Anthony Hylton welcomes latest competitive index
Minister of Industry, Investment and Commerce and chairman of the National Competitiveness Council Anthony Hylton has welcomed the latest Global Competitiveness Report from the World Economic Forum, which shows Jamaica retaining its ranking of 86.
The report, which was released last Wednesday, found a correlation between highly competitive countries and those that have either withstood the global economic crisis or made a swift recovery from it.
Jamaica, while maintaining its overall competitiveness, managed to improve its performance on procedures to starting a business, ranking third globally and eighth in the legal rights index.

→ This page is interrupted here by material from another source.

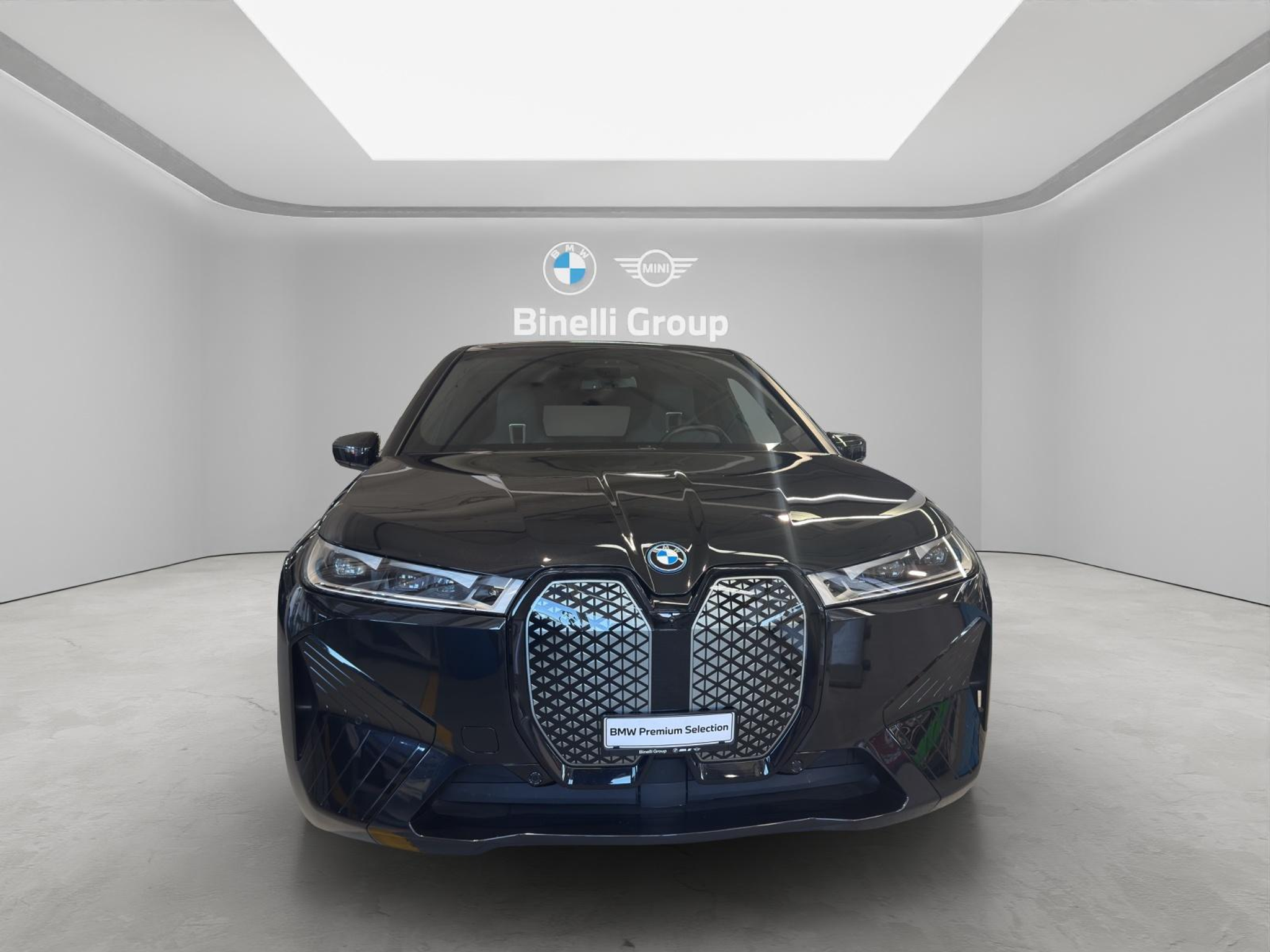 deal-image-2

According to Hylton, the importance of a more enabling business environment in Jamaica remains an emphasis as reforming the environment is a priority for his ministry and its agencies.
"Perhaps an important lesson to take away from this report is that Jamaica cannot relax its efforts to build a stronger, more enabling business environment. The country still has a lot of work to do to improve its resilience to external factors; however, there is demonstrable evidence that work has started in this regard," said Hylton.
Growth Agenda Committee
Hylton argued that the Government has taken tangible steps through the formation of the Growth Agenda Steering Committee and the National Competitiveness Council to work with ministries, departments and agencies to implement key reforms to support the business environment and increase investor confidence.
"Jamaica continues to struggle in the most problematic factors for doing business where inefficient government bureaucracy, crime and theft, tax rates, corruption and access to financing were identified as being the top five hindrances in doing business.
"As a Government, we are making strides to fix these issues as well as improve key drivers such as productivity, innovation and entrepreneurship. In this way, our human capital can flourish and so, too, our economy," said Hylton.
Global Competitiveness Index scores are calculated by drawing together country-level data covering 12 categories - the pillars of competitiveness - that collectively make up a comprehensive picture of a country's competitiveness.
The 12 pillars include institutions, infrastructure, macroeconomic environment, health and primary education, higher education and training, goods market efficiency, labour market efficiency, financial market development, technological readiness, market size, business sophistication and innovation.